Author Archives: Liz Dunshee

February 28, 2023

Hot Off the Press! Updated “Rule 10b5-1 Trading Plans” & “Insider Trading Policies” Handbooks

As Dave noted last week, the SEC’s amendments to Rule 10b5-1 are now effective. On our “Handbooks” page, we’ve just released updated versions of our 103-page “Rule 10b5-1 Trading Plans Handbook” – as well as our 101-page “Insider Trading Policies Handbook” – to reflect these big changes.

The “Insider Trading Policies Handbook” also includes an updated Model Policy. All of our Handbooks are thoughtfully organized so that you can easily find a practical answer to whatever question is being thrown your way. We’ll continue to update these resources throughout the spring if & when more guidance becomes available.
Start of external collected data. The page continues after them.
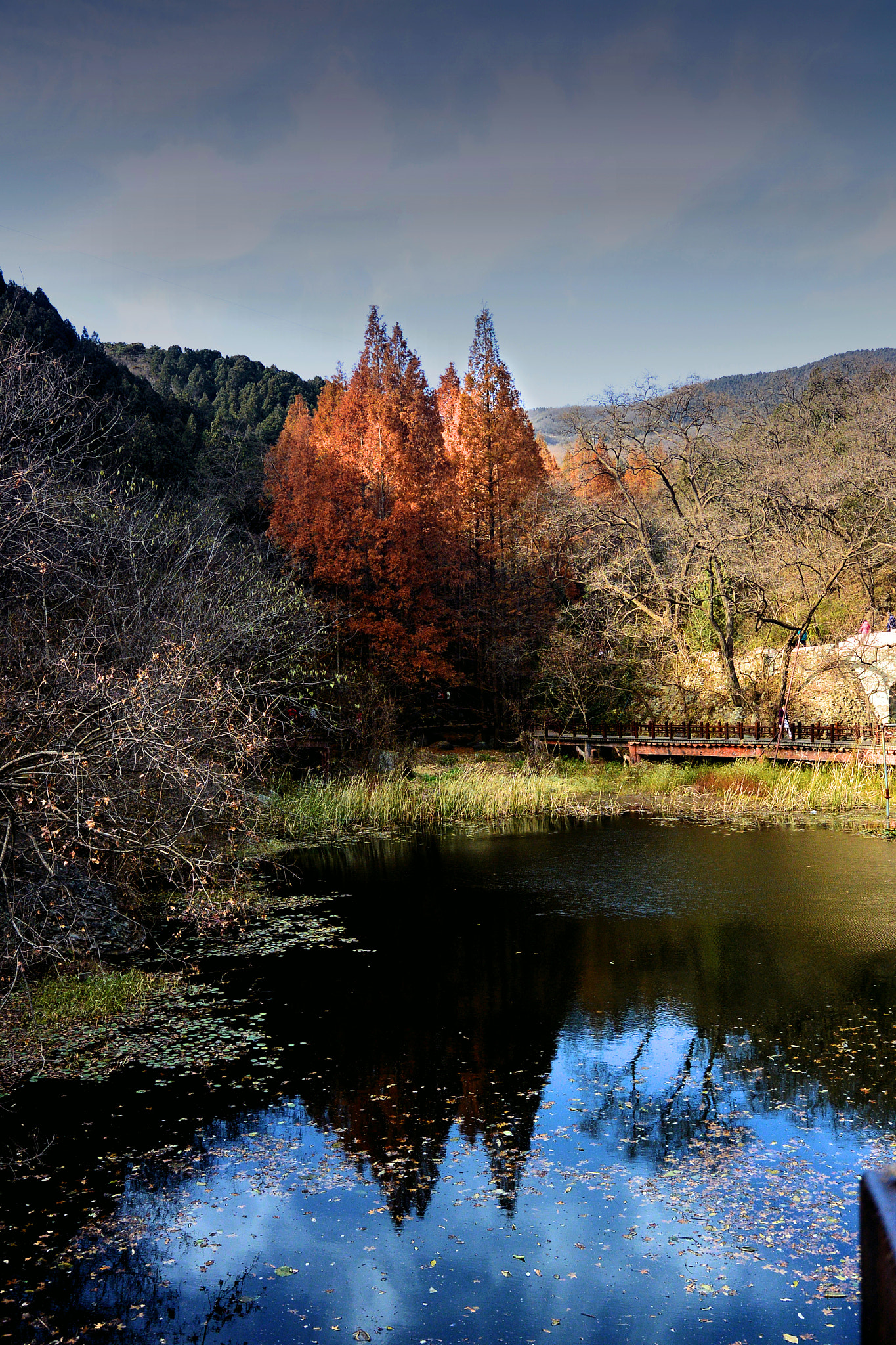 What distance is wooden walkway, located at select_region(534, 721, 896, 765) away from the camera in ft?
60.4

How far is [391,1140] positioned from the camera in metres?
5.50

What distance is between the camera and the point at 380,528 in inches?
819

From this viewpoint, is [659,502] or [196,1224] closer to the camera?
[196,1224]

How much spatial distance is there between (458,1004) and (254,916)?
337cm

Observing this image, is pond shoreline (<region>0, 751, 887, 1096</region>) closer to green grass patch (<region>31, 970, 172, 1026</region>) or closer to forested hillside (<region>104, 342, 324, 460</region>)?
green grass patch (<region>31, 970, 172, 1026</region>)

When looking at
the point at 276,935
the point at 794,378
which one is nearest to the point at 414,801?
the point at 276,935

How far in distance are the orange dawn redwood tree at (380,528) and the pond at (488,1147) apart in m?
11.2

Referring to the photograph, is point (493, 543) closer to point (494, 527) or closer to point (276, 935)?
point (494, 527)

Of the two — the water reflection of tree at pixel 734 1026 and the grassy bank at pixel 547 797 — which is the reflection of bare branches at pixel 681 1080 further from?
the grassy bank at pixel 547 797

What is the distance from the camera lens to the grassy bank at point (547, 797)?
1599cm

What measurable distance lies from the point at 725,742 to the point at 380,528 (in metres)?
8.44

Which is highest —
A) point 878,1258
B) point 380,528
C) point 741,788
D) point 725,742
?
point 380,528

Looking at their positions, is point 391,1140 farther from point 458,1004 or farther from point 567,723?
point 567,723

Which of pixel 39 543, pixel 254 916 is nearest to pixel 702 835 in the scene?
pixel 254 916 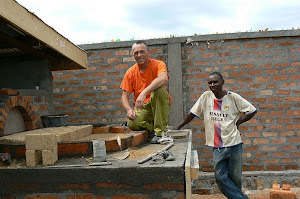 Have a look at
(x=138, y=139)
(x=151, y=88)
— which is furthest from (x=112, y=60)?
(x=138, y=139)

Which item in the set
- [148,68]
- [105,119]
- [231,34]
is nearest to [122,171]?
[148,68]

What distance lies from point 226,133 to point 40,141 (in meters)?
2.20

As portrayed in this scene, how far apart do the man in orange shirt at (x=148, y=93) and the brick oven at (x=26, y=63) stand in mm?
1062

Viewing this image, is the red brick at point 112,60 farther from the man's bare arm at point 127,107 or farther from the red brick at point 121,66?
the man's bare arm at point 127,107

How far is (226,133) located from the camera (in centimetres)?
351

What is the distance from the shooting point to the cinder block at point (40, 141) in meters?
2.58

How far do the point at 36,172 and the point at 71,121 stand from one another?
359 centimetres

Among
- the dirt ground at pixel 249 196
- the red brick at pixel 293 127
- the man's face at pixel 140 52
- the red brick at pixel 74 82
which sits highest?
the man's face at pixel 140 52

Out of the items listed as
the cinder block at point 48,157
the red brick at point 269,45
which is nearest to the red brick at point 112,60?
the red brick at point 269,45

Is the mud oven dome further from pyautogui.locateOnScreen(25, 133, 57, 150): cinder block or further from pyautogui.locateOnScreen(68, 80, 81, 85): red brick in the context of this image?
pyautogui.locateOnScreen(68, 80, 81, 85): red brick

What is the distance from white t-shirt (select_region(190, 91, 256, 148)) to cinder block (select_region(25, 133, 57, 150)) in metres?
2.01

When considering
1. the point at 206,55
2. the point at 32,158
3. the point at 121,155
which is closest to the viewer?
the point at 32,158

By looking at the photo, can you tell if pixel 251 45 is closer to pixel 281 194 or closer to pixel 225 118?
pixel 225 118

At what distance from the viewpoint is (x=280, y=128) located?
5.35 metres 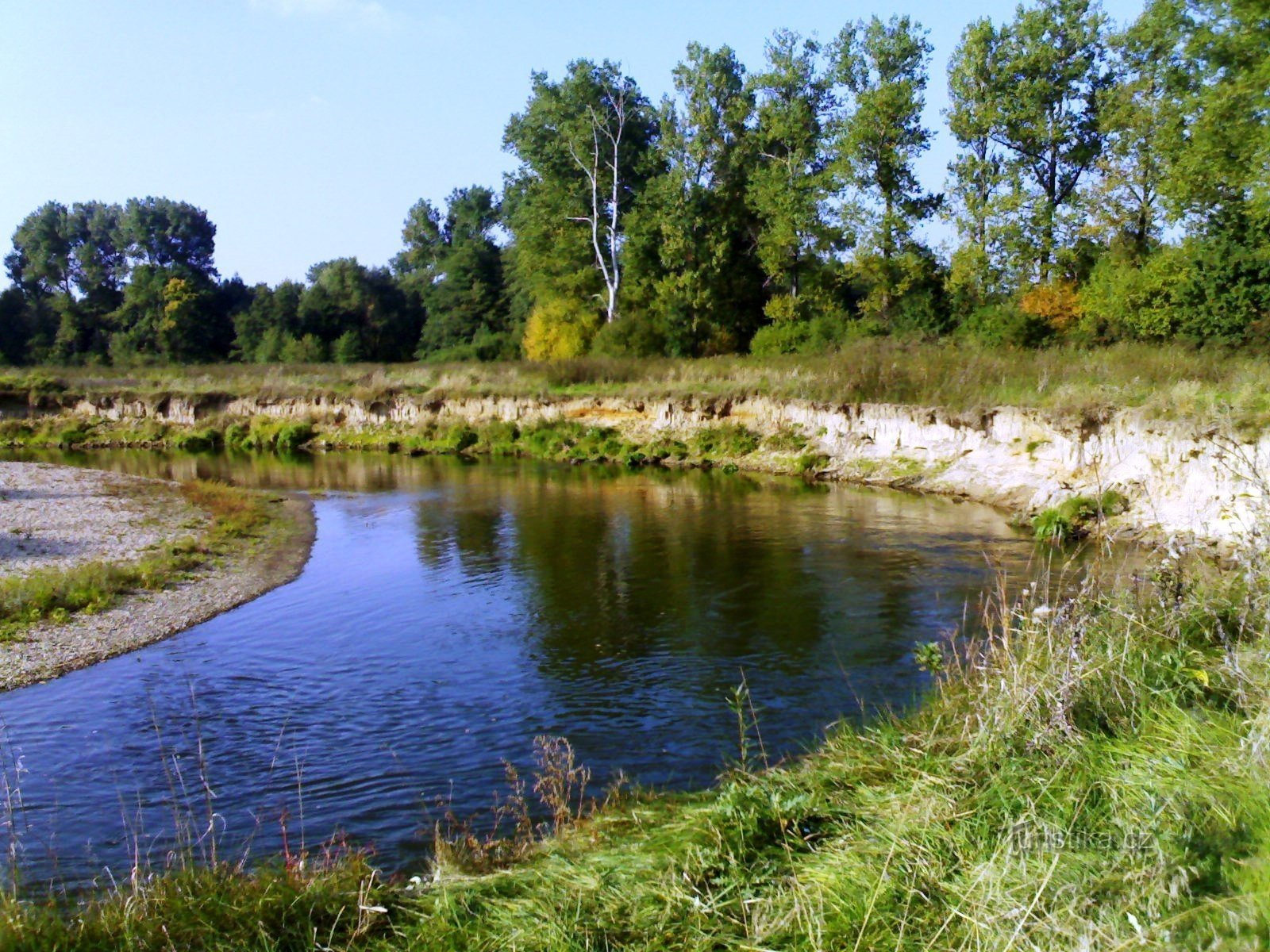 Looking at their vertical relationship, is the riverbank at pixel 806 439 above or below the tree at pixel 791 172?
below

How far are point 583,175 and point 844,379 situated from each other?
25215mm

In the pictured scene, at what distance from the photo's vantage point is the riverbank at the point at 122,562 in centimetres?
1400

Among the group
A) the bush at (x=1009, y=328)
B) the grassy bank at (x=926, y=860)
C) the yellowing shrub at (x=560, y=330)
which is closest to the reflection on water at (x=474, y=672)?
the grassy bank at (x=926, y=860)

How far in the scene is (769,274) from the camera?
47.1 metres

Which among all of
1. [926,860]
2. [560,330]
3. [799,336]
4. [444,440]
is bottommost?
[926,860]

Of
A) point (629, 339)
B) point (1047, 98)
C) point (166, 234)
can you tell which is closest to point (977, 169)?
point (1047, 98)

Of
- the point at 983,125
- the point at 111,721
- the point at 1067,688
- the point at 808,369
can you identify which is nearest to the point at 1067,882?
the point at 1067,688

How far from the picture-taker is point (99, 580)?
16172mm

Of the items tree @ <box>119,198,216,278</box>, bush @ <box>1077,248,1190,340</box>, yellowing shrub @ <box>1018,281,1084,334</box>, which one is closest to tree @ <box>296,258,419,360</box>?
tree @ <box>119,198,216,278</box>

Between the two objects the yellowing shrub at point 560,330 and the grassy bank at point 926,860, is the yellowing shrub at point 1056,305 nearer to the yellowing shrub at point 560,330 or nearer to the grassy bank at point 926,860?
the yellowing shrub at point 560,330

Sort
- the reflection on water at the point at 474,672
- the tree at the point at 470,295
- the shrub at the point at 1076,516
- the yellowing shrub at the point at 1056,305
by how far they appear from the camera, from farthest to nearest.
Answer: the tree at the point at 470,295, the yellowing shrub at the point at 1056,305, the shrub at the point at 1076,516, the reflection on water at the point at 474,672

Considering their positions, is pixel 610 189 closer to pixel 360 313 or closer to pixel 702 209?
pixel 702 209

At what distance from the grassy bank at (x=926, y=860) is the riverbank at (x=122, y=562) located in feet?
27.8

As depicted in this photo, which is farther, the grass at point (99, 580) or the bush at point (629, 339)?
the bush at point (629, 339) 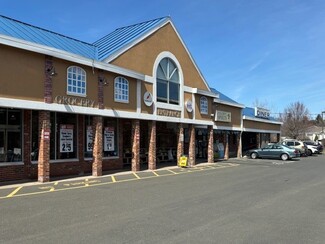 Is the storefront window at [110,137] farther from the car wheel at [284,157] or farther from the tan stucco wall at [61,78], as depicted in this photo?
the car wheel at [284,157]

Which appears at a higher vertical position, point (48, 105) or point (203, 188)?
point (48, 105)

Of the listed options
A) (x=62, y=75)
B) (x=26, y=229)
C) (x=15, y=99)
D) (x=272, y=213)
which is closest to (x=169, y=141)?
(x=62, y=75)

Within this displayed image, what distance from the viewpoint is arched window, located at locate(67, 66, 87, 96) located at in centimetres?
1673

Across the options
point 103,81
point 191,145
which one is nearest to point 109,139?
point 103,81

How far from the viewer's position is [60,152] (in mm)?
18109

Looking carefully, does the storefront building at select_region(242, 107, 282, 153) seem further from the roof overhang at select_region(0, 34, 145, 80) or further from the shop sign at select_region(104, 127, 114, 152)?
the roof overhang at select_region(0, 34, 145, 80)

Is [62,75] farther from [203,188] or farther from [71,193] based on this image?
[203,188]

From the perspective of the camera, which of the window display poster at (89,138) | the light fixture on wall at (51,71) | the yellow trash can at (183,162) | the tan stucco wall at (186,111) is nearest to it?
the light fixture on wall at (51,71)

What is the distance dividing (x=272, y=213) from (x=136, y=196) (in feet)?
A: 14.6

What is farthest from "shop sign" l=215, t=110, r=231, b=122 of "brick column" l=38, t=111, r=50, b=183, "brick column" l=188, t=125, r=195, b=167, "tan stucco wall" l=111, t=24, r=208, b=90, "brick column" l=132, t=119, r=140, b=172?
"brick column" l=38, t=111, r=50, b=183

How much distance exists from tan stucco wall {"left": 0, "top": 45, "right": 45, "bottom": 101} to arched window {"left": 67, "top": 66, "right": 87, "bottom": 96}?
145 centimetres

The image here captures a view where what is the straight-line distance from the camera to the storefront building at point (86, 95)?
15.1 meters

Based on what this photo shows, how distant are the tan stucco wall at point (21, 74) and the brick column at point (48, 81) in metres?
0.14

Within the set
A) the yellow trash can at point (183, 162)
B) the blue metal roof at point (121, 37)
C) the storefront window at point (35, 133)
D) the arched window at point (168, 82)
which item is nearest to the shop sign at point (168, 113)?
the arched window at point (168, 82) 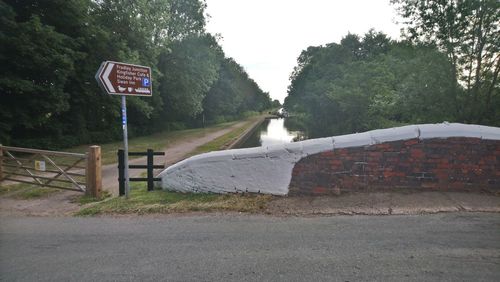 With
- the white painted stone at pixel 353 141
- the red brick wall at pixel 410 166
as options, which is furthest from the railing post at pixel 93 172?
the white painted stone at pixel 353 141

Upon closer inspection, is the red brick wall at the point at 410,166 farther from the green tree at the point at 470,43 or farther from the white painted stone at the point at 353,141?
the green tree at the point at 470,43

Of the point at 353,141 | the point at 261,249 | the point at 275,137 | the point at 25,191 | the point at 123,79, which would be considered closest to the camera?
the point at 261,249

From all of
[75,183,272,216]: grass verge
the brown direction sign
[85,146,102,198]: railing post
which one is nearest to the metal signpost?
the brown direction sign

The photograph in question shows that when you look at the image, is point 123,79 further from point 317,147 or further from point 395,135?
point 395,135

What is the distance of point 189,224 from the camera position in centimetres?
438

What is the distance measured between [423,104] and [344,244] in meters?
8.05

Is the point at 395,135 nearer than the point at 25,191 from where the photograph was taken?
Yes

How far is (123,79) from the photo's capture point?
5.63 m

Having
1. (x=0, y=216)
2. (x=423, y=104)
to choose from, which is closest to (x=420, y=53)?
(x=423, y=104)

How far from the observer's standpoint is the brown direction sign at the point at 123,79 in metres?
5.36

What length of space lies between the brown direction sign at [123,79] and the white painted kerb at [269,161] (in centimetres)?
183

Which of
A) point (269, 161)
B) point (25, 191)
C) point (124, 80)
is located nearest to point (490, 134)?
point (269, 161)

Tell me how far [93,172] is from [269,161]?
415 cm

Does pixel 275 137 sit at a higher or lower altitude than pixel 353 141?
lower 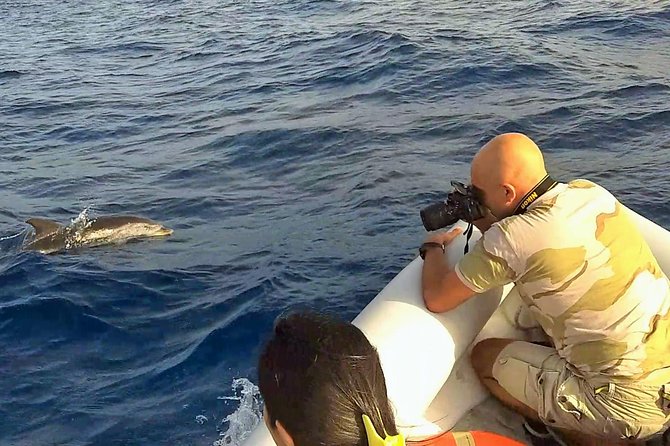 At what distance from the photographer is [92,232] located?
29.8 ft

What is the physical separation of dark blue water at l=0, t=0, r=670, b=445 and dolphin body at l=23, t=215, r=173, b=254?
132 mm

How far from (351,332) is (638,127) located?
882 cm

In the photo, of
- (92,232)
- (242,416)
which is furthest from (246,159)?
(242,416)

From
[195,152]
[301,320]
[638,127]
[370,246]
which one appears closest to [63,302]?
[370,246]

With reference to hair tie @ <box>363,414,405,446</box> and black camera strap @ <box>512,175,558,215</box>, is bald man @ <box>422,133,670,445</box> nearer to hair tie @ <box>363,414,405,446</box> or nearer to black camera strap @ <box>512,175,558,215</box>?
black camera strap @ <box>512,175,558,215</box>

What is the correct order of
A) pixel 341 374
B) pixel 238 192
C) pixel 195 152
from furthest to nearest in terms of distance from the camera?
pixel 195 152 < pixel 238 192 < pixel 341 374

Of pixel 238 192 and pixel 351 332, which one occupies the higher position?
pixel 351 332

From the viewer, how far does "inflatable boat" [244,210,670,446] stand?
13.0 feet

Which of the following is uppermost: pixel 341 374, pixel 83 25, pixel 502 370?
pixel 341 374

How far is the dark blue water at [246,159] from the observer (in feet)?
21.2

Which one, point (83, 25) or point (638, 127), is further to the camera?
point (83, 25)

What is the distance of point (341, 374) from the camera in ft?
7.09

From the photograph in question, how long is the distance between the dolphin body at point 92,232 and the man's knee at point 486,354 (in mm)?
5283

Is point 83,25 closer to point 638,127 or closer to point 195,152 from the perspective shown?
point 195,152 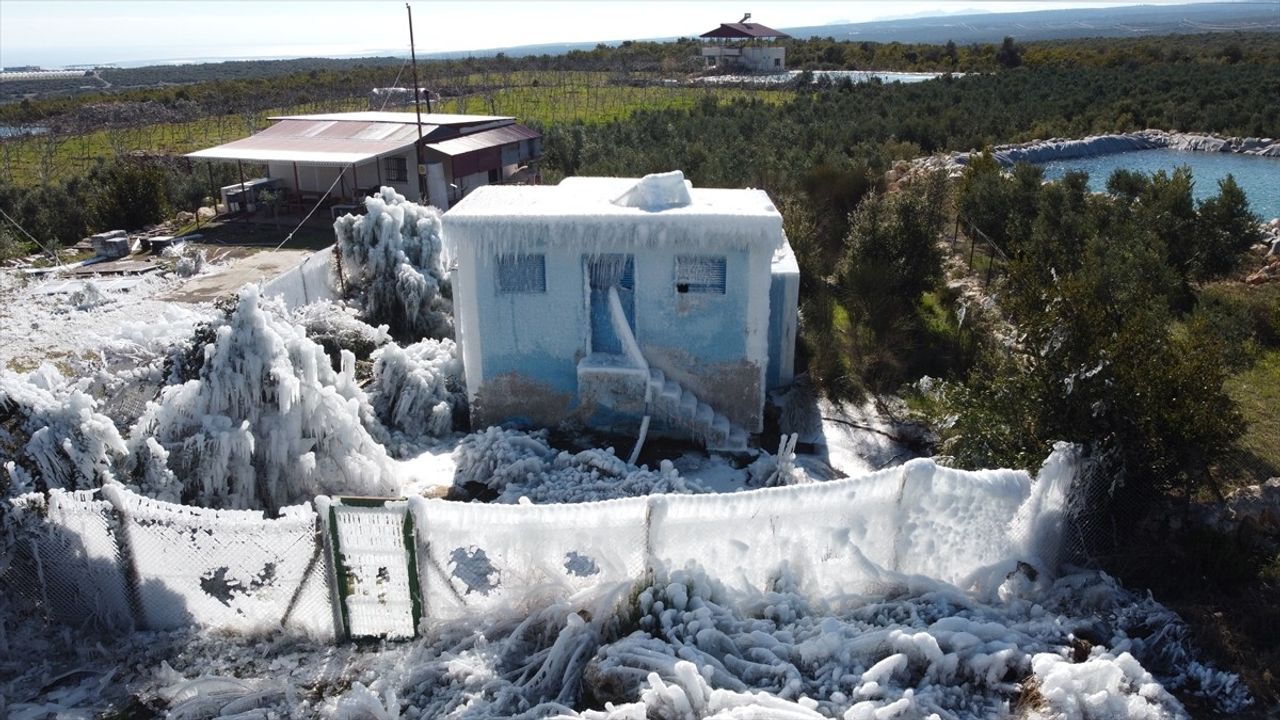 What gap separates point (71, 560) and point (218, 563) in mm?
1312

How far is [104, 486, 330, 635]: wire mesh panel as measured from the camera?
7141 millimetres

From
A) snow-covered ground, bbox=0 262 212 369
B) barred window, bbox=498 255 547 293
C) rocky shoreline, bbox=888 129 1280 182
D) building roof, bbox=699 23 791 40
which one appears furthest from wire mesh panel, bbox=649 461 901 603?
building roof, bbox=699 23 791 40

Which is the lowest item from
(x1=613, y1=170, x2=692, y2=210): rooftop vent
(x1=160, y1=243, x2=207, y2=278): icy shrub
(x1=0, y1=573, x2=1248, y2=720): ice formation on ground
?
(x1=0, y1=573, x2=1248, y2=720): ice formation on ground

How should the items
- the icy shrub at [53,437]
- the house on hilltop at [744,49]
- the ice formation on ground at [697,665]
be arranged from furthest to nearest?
the house on hilltop at [744,49] → the icy shrub at [53,437] → the ice formation on ground at [697,665]

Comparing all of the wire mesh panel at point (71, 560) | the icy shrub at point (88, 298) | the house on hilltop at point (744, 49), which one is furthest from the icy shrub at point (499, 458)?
the house on hilltop at point (744, 49)

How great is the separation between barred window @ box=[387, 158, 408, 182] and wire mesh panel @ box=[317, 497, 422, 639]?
65.7 ft

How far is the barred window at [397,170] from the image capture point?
2533 cm

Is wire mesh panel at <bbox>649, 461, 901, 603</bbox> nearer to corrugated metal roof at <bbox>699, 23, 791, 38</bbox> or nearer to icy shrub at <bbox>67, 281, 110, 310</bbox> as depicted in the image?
icy shrub at <bbox>67, 281, 110, 310</bbox>

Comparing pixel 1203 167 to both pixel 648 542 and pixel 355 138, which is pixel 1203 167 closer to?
pixel 355 138

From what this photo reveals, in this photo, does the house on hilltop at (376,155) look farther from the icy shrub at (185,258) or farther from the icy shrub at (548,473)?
the icy shrub at (548,473)

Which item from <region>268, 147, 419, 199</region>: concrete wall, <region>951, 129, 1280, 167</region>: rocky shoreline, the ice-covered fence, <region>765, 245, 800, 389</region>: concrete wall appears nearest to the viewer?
<region>765, 245, 800, 389</region>: concrete wall

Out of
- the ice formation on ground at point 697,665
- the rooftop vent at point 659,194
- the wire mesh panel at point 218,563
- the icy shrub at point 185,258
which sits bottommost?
the ice formation on ground at point 697,665

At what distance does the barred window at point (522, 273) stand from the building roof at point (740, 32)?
2781 inches

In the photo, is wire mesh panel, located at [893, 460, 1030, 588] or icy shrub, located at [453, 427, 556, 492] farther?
icy shrub, located at [453, 427, 556, 492] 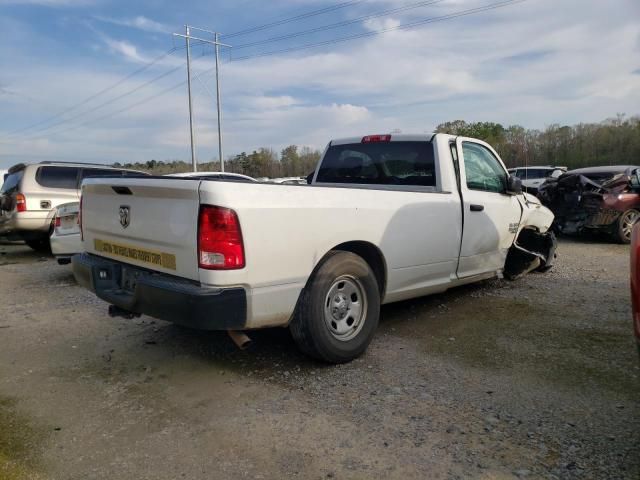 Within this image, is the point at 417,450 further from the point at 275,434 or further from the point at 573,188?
the point at 573,188

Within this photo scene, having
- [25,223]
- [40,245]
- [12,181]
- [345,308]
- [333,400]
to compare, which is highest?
[12,181]

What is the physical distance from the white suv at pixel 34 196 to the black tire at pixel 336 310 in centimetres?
696

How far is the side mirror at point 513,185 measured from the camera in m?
5.63

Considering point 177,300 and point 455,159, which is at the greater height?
point 455,159

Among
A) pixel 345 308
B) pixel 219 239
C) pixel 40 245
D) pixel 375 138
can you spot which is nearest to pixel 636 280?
pixel 345 308

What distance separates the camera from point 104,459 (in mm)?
2734

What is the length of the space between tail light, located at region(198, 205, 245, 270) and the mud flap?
4303 millimetres

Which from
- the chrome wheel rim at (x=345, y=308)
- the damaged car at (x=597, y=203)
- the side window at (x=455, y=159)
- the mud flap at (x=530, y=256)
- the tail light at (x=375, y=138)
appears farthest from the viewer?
the damaged car at (x=597, y=203)

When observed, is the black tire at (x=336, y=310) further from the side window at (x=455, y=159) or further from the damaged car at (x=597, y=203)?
the damaged car at (x=597, y=203)

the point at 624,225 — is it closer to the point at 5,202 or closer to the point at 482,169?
the point at 482,169

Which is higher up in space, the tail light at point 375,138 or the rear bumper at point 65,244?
the tail light at point 375,138

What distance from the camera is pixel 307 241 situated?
3.49 m

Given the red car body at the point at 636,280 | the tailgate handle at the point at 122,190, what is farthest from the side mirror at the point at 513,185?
the tailgate handle at the point at 122,190

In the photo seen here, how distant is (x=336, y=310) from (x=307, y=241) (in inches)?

If you aren’t already a member of TheCorporateCounsel.net with access to these resources, now is a great time to sign up. Email sales@ccrcorp.com or visit our membership center to start a no-risk trial. Our “100-Day Promise” guarantees that during the first 100 days as an activated member, you may cancel for any reason and receive a full refund. If you have any questions, email sales@ccrcorp.com – or call us at 800.737.1271.

Liz Dunshee

February 28, 2023

“Risk Factor” Sections Keep Getting Lengthier, But Don’t Blame the Lawyers!

“Risk factor” season is coming to a close – but I can’t resist flagging this recent Cooley blog about whether the SEC’s 2020 “modernization” rules have made any dent in the length & specificity of this section of the annual report. The blog looks at Deloitte research on S&P 500 risk factors that was published at the end of last year – and hopefully, will be updated in the coming months to reflect this year’s reporting. Here were the key findings:

– The number of pages has not decreased over the two-year period, but continues to increase.

– The number of risk factors continues to increase.

– Most companies did not need to include a risk factor summary.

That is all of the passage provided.